:: ASSIGNED TASK ::
Pictures aside, reproduce exactly each line from the one holding "Мотошолом Shark evo" through the last line of the material, both ends included.

:: SOURCE MATERIAL ::

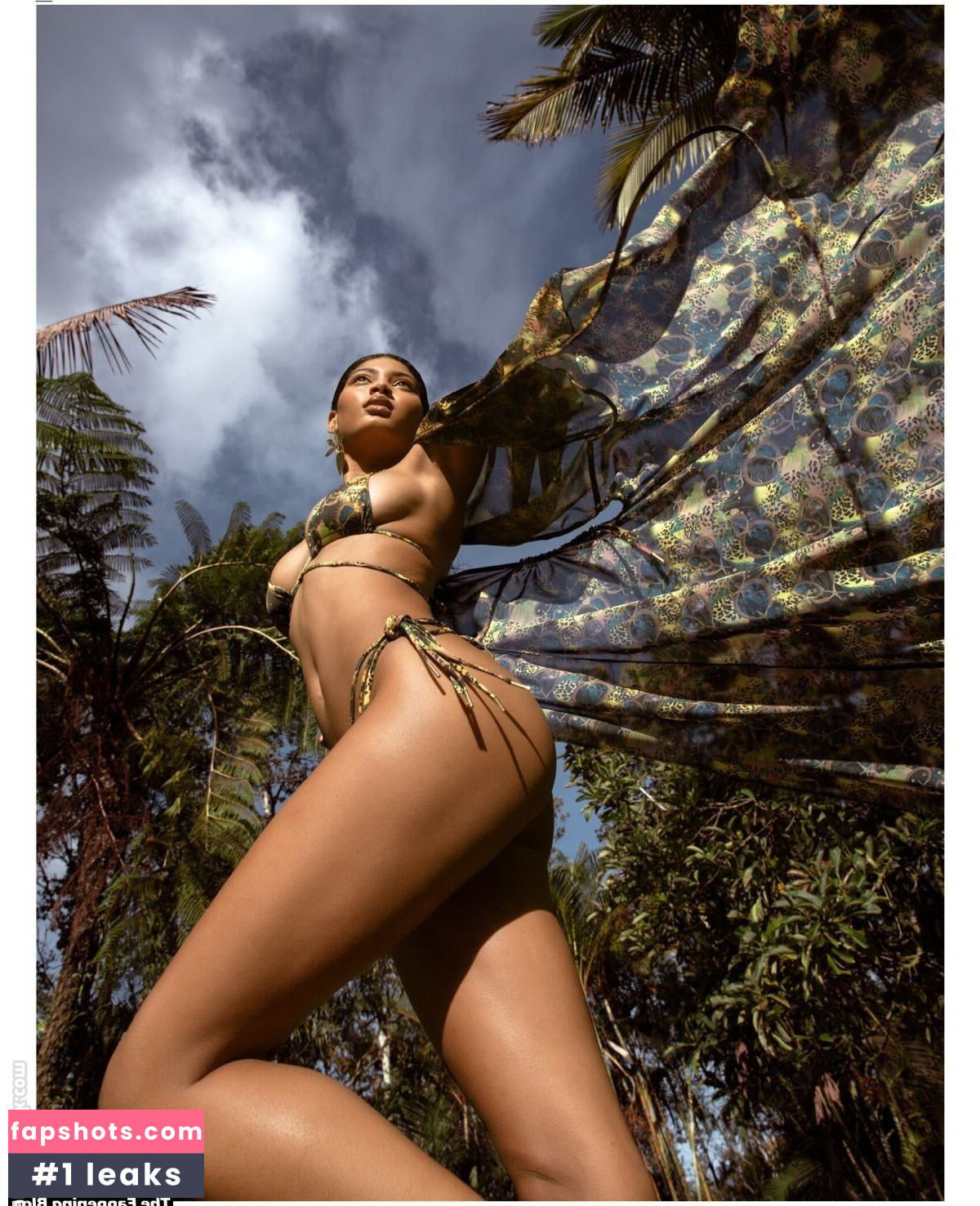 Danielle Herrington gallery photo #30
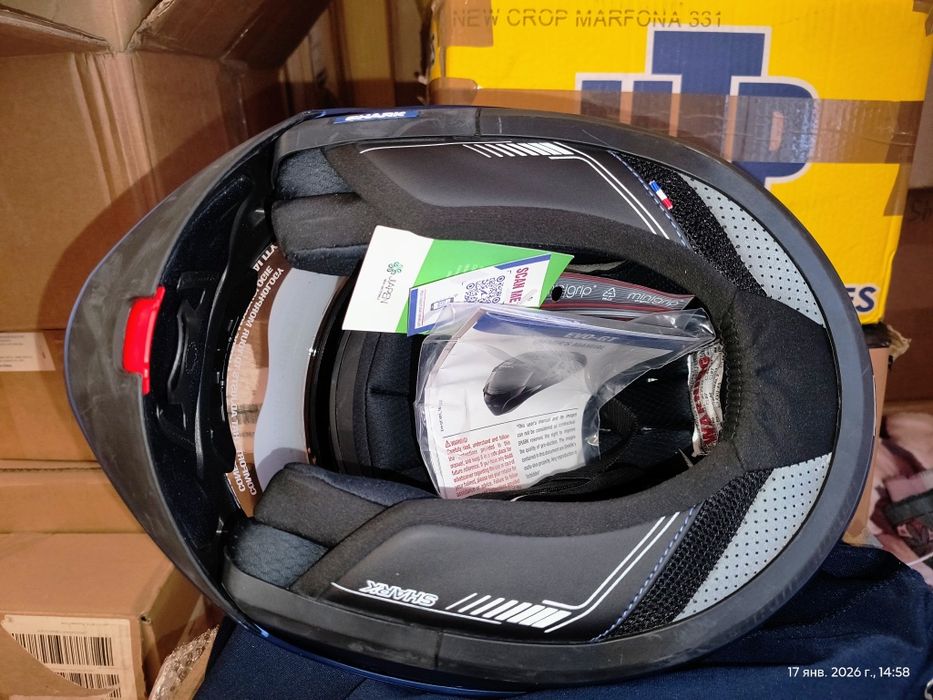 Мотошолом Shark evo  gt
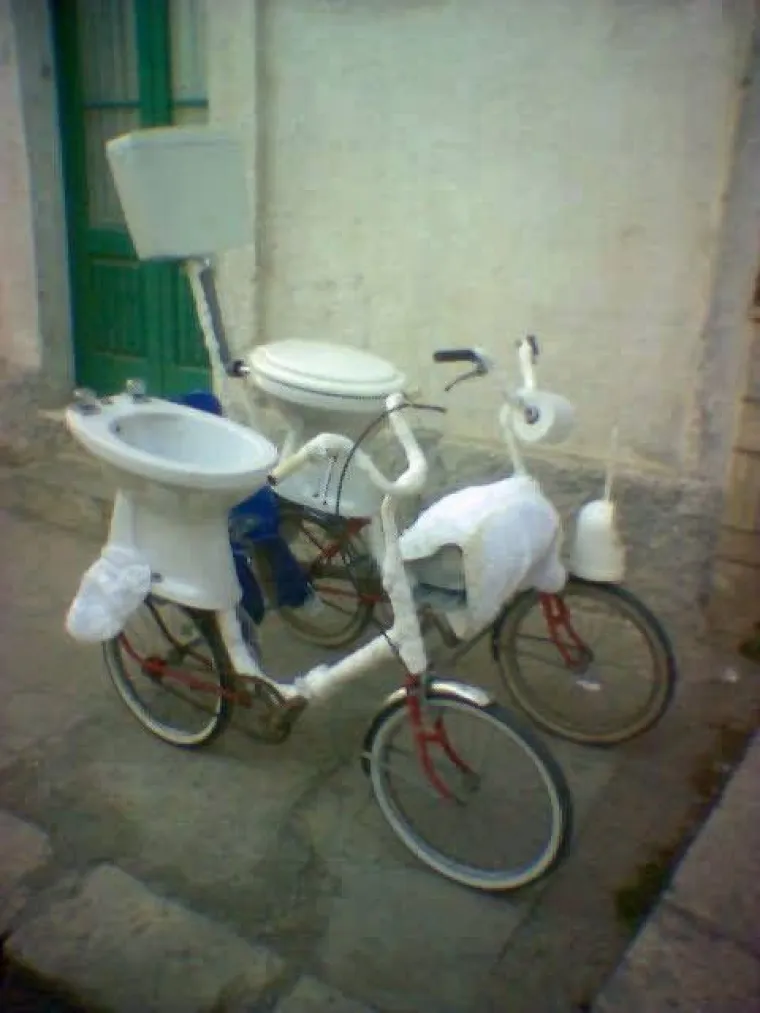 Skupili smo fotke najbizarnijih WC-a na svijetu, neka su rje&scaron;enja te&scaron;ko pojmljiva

:: SOLUTION TO THIS EXERCISE ::
 Мотошолом Shark evo  gt
 Skupili smo fotke najbizarnijih WC-a na svijetu, neka su rje&scaron;enja te&scaron;ko pojmljiva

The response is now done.